**Problem to work on:** Pictures excluded, output the lines of the data below between the one holding "Let's start putting" and the one holding "Hi everyone, welcome", inclusive, exactly as they stand.

**Extracted records:**

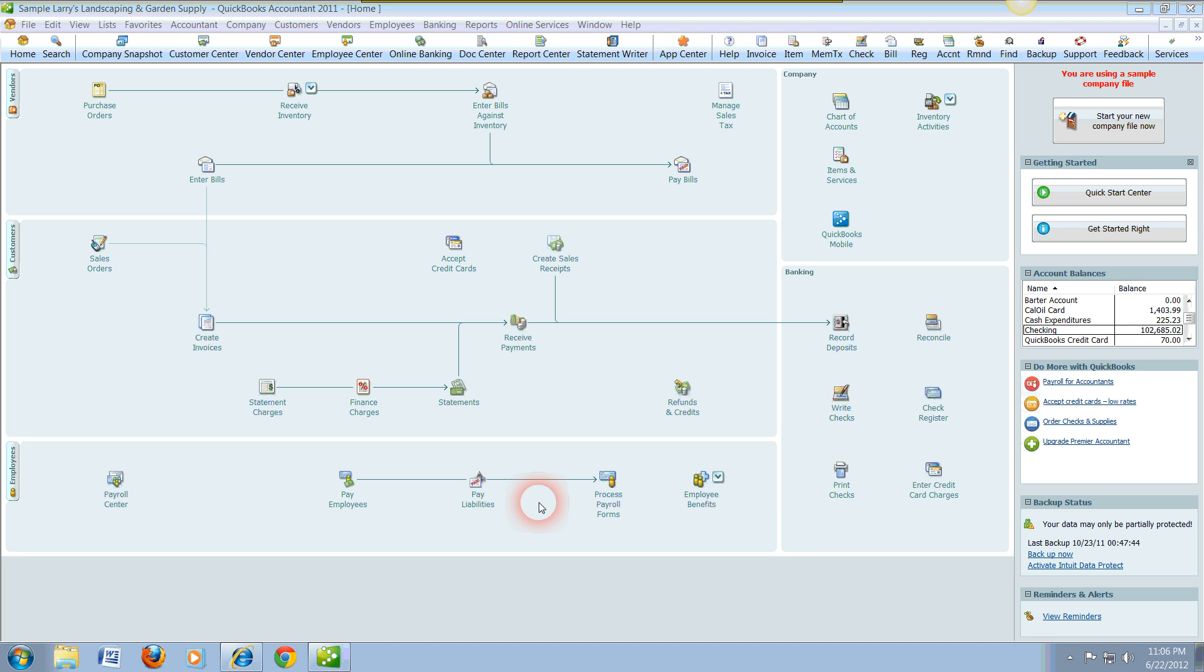Hi, this is Nestor with Express Tax and Bookkeeping Services, and this is a continuation of a QuickBooks tutorials.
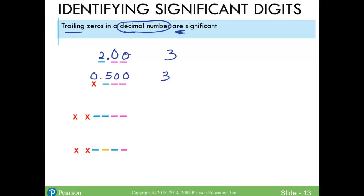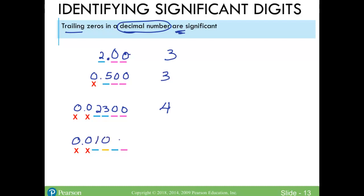For 0.02300, the leading zeros are not significant, but the trailing zeros are — so that's four significant digits. And for 0.020, the leading zeros are not significant in this decimal number, but the remaining zeros are, giving four significant digits.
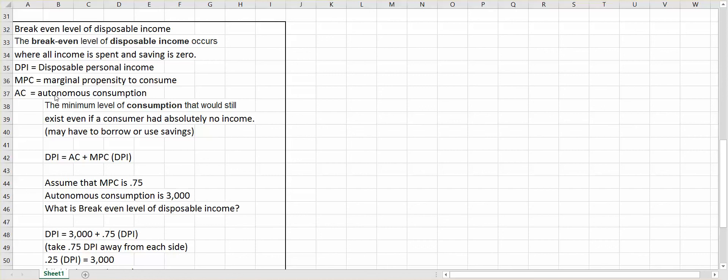Now, what is autonomous consumption? That is the minimum level of consumption that would still exist, even if a consumer had absolutely no income. Well, you may be wondering, how can somebody spend if they have no income? Well, they may have to borrow or use savings, but they still have to buy the day-to-day necessities, bread, milk, et cetera.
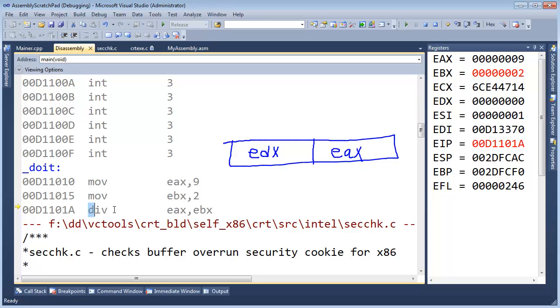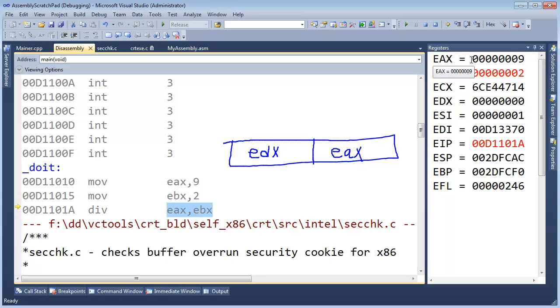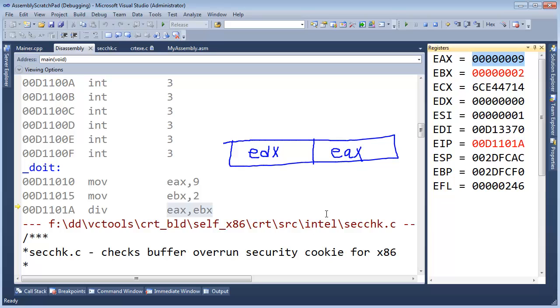So going off our gut instinct of what has happened before, EAX will contain the results of this operation so 9 divided by 2, EAX will change to a 4 but then where is the remainder going to end up? And I'll give you a hint, the remainder does end up somewhere. Can you guess where? Pause if you want to think about it.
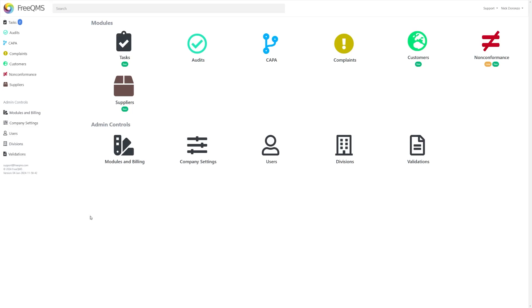Once you've signed into FreeQMS, you can hover over the support tab in the top rightmost corner of the page. You'll see two options.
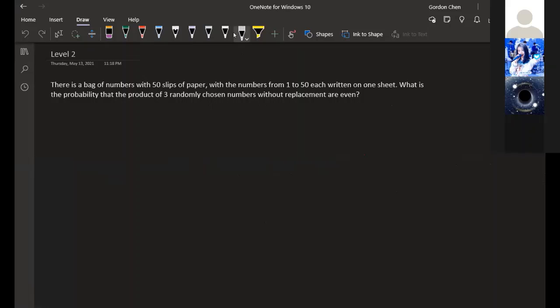With complementary counting, instead of finding the probability that it is even, we find the probability that it is odd. If we want it to be odd, we need all three numbers to be odd. In 1 through 50, there are 25 odd numbers. If we pick three without replacement, the number of ways to do that is 25 times 24 times 23.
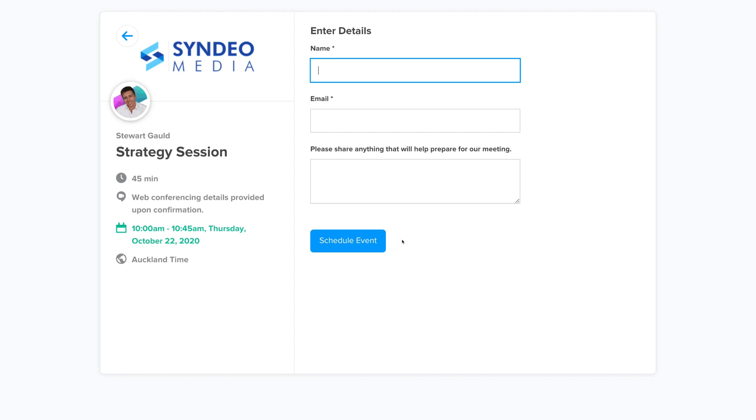That is how you can create and streamline your own scheduling process with Calendly. You should now have a good understanding of how to simply schedule meetings, appointments, and events online with this powerful scheduling software.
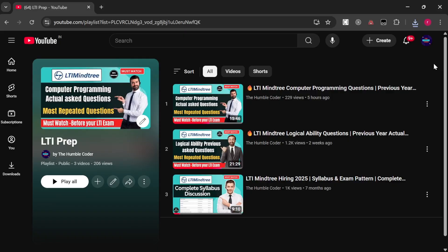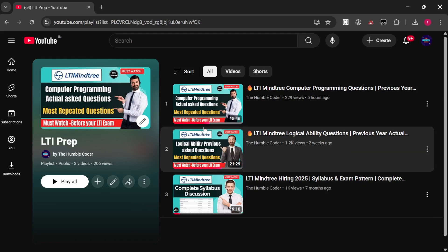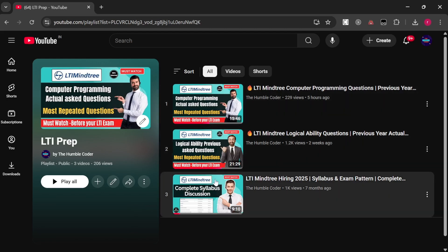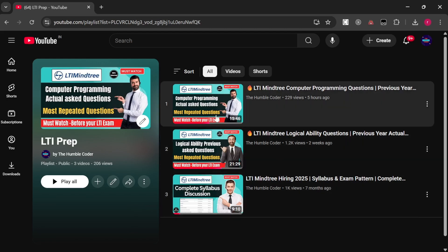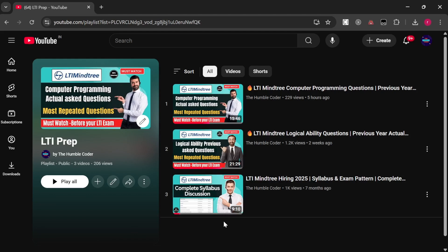Before we start the video, if you are new to the channel, consider subscribing as I regularly post these kinds of helpful videos. I am creating a complete playlist on LTI prep — make sure to check it because a lot more videos are going to come. I have already covered a few more videos, so check those as well. Without wasting any time, let's get started with the first question.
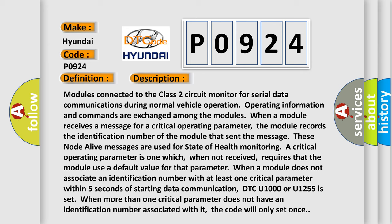These node-alive messages are used for state of health monitoring. A critical operating parameter is one which, when not received, requires the module to use a default value. When a module doesn't associate an identification number with at least one critical parameter within five seconds of starting data communication, DTC U1000 or U1255 is set. When more than one critical parameter doesn't have an identification number associated with it, the code will only set once.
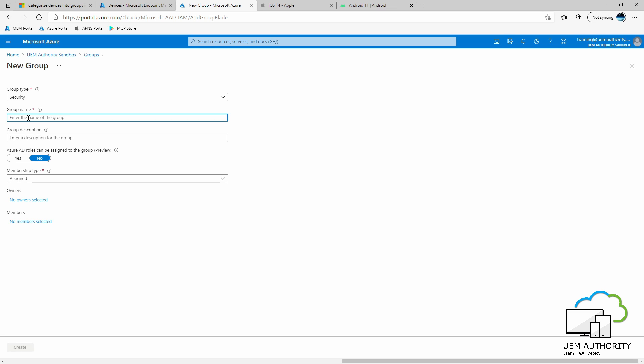And for our fictional organization, we will call this group Marketing Devices.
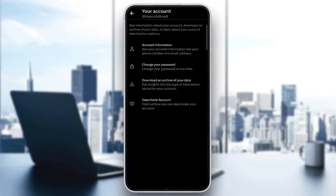Then go and check for any unusual activity. Review your account for any unauthorized posts, logins, or even DMs. You can then go and change your password if you suspect a breach.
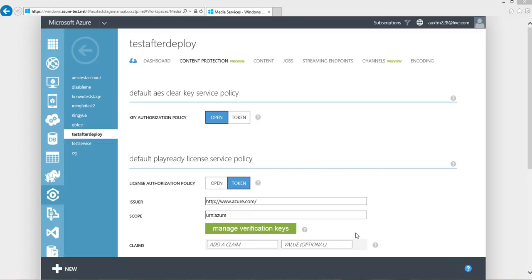Such as HLS, Smooth Streaming, or MPEG-DASH. Meanwhile, we build in token authentication service for the key delivery as well.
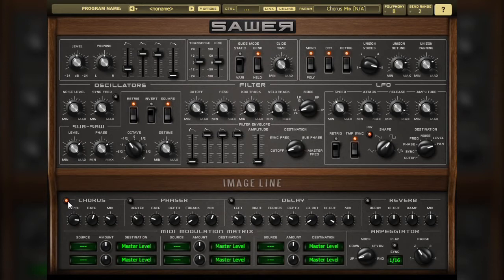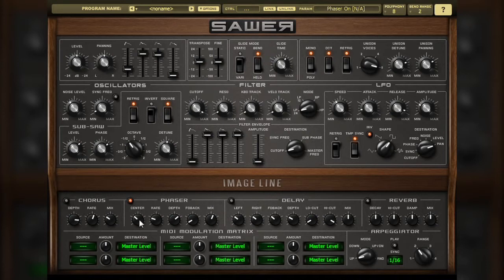Moving over to the next effect is the phaser. A phaser works by splitting the audio into two paths. One of those paths is processed by an all-pass filter and fed back into the input. As the modified path has been processed by the filter, the resulting audio no longer has the same phase as the input, resulting in that out-of-phase sound. The amount of phase change will directly influence the character of the effect, which is controlled by the center knob, as it controls the frequency of the filter used.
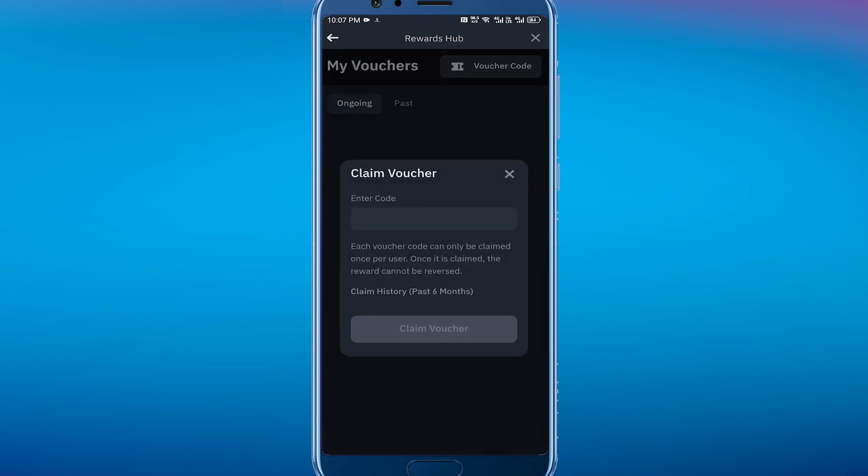Once you click on it, you have to enter the code from the rebate fee, and then you can claim the voucher from there. So that's pretty much it. That's how to use trading fee rebate voucher in Binance.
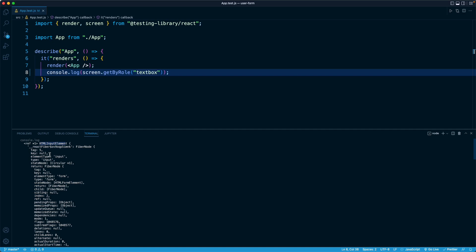We used the getByRole method on the screen object imported from React Testing Library in order to query our DOM, to query our final HTML for the first element with a role of textbox. The role of textbox will belong to input components or input elements more specifically, and inputs with regular text entered into them. All right, that's all there is to cover in this lesson. We're taking it one step at a time, and I'll see you in the next one.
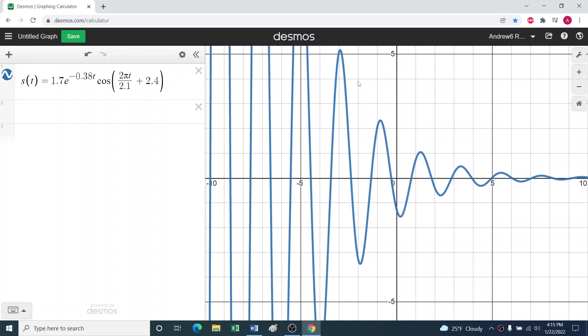Let's start putting together all of our formula-based derivative skills. Suppose someone is modeling a phenomenon that has some oscillation going on, but then the amplitude of the oscillation is dying down, and they've come up with this model, maybe based on the data they have, of 1.7e^(-0.38t) times cos(2πt/2.1 + 2.4).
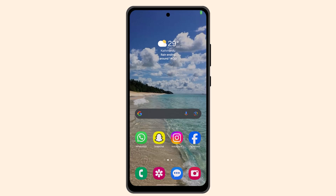Hi everyone, welcome back to our channel. Today in this video I'll be showing you the ways to create a Venmo account. To set up a Venmo account on your Android device you have to follow these steps. First of all you have to install it, so go to your respective app store and install Venmo.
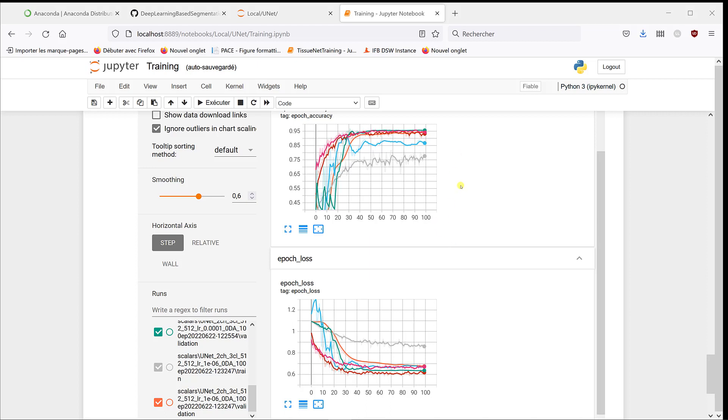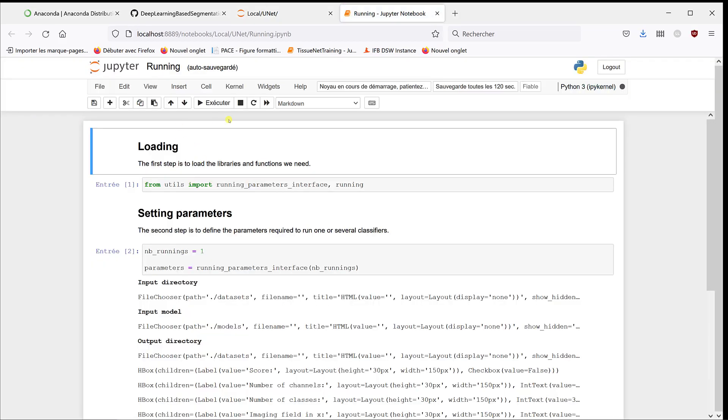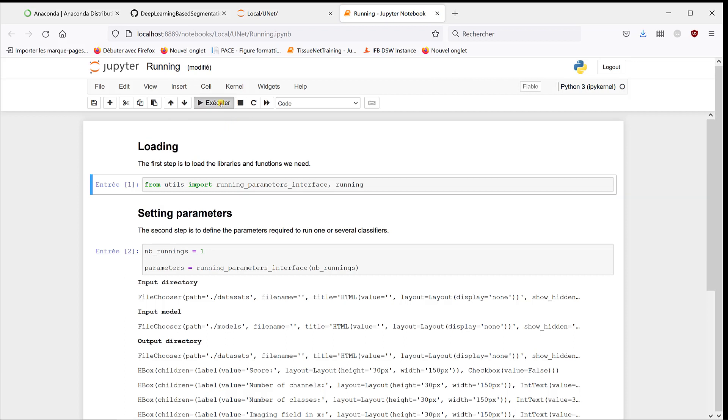But here we'll just use this model, so I can now close the training, shut it down, and use the running notebook to process the images.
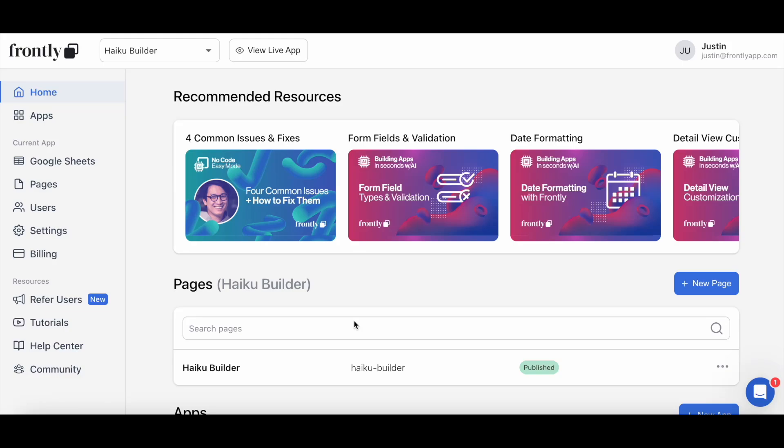Hey everyone, this is Justin from Frontly again and I have another exciting feature update to share with you all that you can implement into your app today. At Frontly, we've been growing the number of custom actions you can add to your user flow and we are happy to add another action to our repertoire with the OpenAI Request Action.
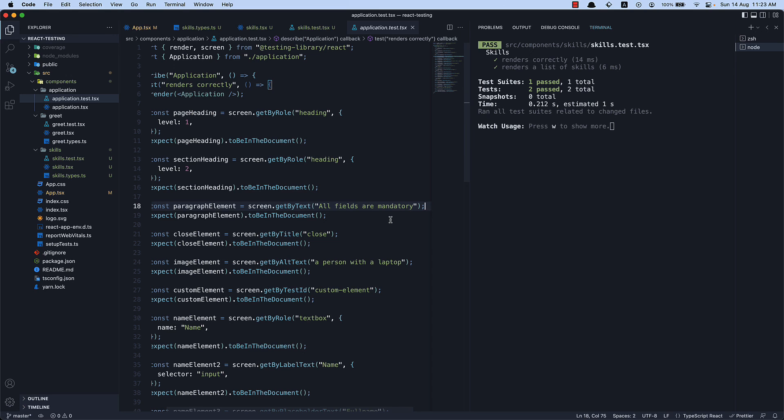I would like you to use substring match with a string, a regex, and a custom function to find this same element. Let me know in the comment section if you were able to achieve that.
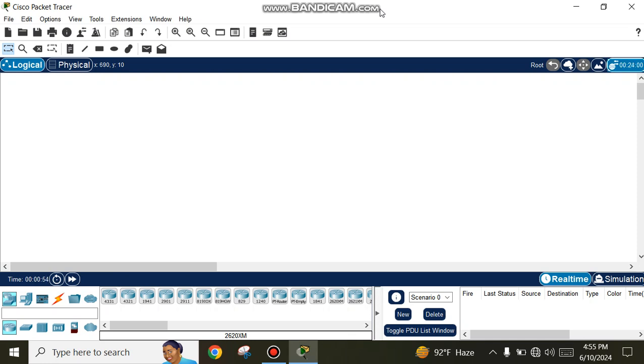Hello viewers, welcome to IT Learning Tutorial YouTube channel. Today in this tutorial we will learn how to configure OSPF in Cisco Packet Tracer. Don't forget to watch the full video.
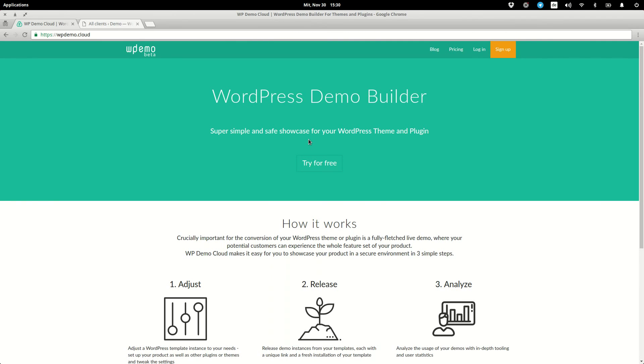So that's it. A brief introduction into WordPress Demo Cloud. But there is a lot more to explore. Just join us on WPDemo.cloud. Use it for free and share your feedback with us.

**Answer to this exercise:**
Let's start putting together all of our formula-based derivative skills. Suppose someone is modeling a phenomenon that has some oscillation going on, but then the amplitude of the oscillation is dying down, and they've come up with this model, maybe based on the data they have, of 1.7e^(-0.38t) times cos(2πt/2.1 + 2.4).
Hi everyone, welcome back to our channel. Today in this video I'll be showing you the ways to create a Venmo account. To set up a Venmo account on your Android device you have to follow these steps. First of all you have to install it, so go to your respective app store and install Venmo.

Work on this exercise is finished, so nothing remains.